Friday 19 de April 2024 / 12:00

2 minutos de lectura

(Cartagena, Exclusive SoloAzar) - "Mulheres promovendo o setor como um desafio" foi o tema de um painel organizado pela ASFEG, a Associação de Mulheres em Jogos, na recente GAT EXPO 2024. As palestrantes discutiram a participação feminina na indústria de jogos, analisaram o cenário atual e compartilharam mensagens inspiradoras para que as mulheres alcancem a igualdade de gênero.

O desafio de aumentar a igualdade de gênero no setor, um tópico de discussão no GAT

"Mulheres empoderando o setor como um desafio", organizado pelo PANEL ASFEG, foi moderado por Tatiana Paredes, Multiple Group. Os participantes do painel foram: Elizabeth Maya Cano, Presidente Cornazar, Celeste Arredondo, CreedRoomz e Vice-Presidente ASFEG, Alejandra Gómez, Betstone e Presidente da Comissão de Mulheres da AIEJA, María Londoño, Gerente do Grupo La Morenita, Daniela Botero Jarrín, Pacífica Continental.

"Este painel é organizado pela Association for Women in Gaming (ASFEG), mas envolve não apenas mulheres, mas também homens. Nossa missão pode ser resumida em uma palavra: inspirar. E essa associação nasceu da inspiração de um colega nosso chamado Sebastian Luna, cofundador da Gaming and Media News (GM) e de sua mãe, que sofreu muitos problemas por causa de um empregador que ela tinha. 

Portanto, o projeto nasceu da inspiração de um colega do sexo masculino. A partir daí, trata-se de inspirar a conquista de um respeito genuíno pelo feminino e pelo masculino de forma igualitária, para alcançar uma sociedade que seja humanamente diferente, mas socialmente igual. É uma inspiração que vamos dar para a próxima geração", disse Tatiana Paredes no início da palestra.

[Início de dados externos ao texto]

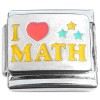 R3005 I Love Math School Student Teacher Italian Charm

Em seguida, ela fez a seguinte pergunta aos homens da sala: "Quantos de vocês já viram uma ação positiva da mulher ao seu lado, seja em casa ou no trabalho? Quantas vezes vocês elogiaram uma mulher por fazer algo positivo? Para que isso serve? Inspira, influencia e muda. Não no imediato, mas na próxima geração.

Ela também esclareceu que essa associação tem membros honorários que são homens, que são colegas gamers que fazem parte de suas oficinas e das empresas que os apoiam.

Elizabeth May Cano falou sobre a situação das mulheres nos últimos 10 anos. "Este é o sindicato das mulheres que querem trabalhar pela inclusão, por um projeto de vida, por um projeto familiar e coletivo dentro do setor e em nível global. Se falarmos da Colômbia há 10 anos, em muitas organizações as mulheres eram vistas de forma diferente e, por muito tempo, relegadas ao trabalho doméstico. Esse "teto de vidro" tem sido muito significativo e difícil de romper".

Nesse sentido, ela enfatizou a importância do treinamento. "Mulheres, nunca parem de estudar, porque o aprendizado é o crescimento" e fala sobre a representação das mulheres em diferentes áreas do setor de jogos e das instituições que o regulam na Colômbia.

"Na CORNAZAR, temos 45% de representação feminina. Muitas das mulheres que trabalhamlá costumavam se reunir para falar sobre o papel das mulheres e seu potencial. Na verdade, trabalhamos não apenas para o setor de jogos na Colômbia, mas também para outros setores produtivos. Na área administrativa da CORNAZAR, foi criado um caminho de inclusão, pois dos 8 cargos administrativos, 6 são representados por mulheres".

"Tenho duas filhas e, além de ensinar-lhes valores e respeito ao outro gênero, ensino-as a ter coragem e confiança em tudo o que fazemos", concluiu.

Daniela Botero Jarrín apresentou uma série de estatísticas sobre os cargos ocupados por mulheres na Colômbia, na América Latina e na Europa. "Hoje as mulheres estão desempenhando um papel muito importante em diferentes áreas (tecnologia, desenvolvimento de produtos, design, jurídico e marketing). Essas são as principais áreas nas quais as mulheres estão se concentrando atualmente e nas quais as empresas de jogos querem contratar mulheres".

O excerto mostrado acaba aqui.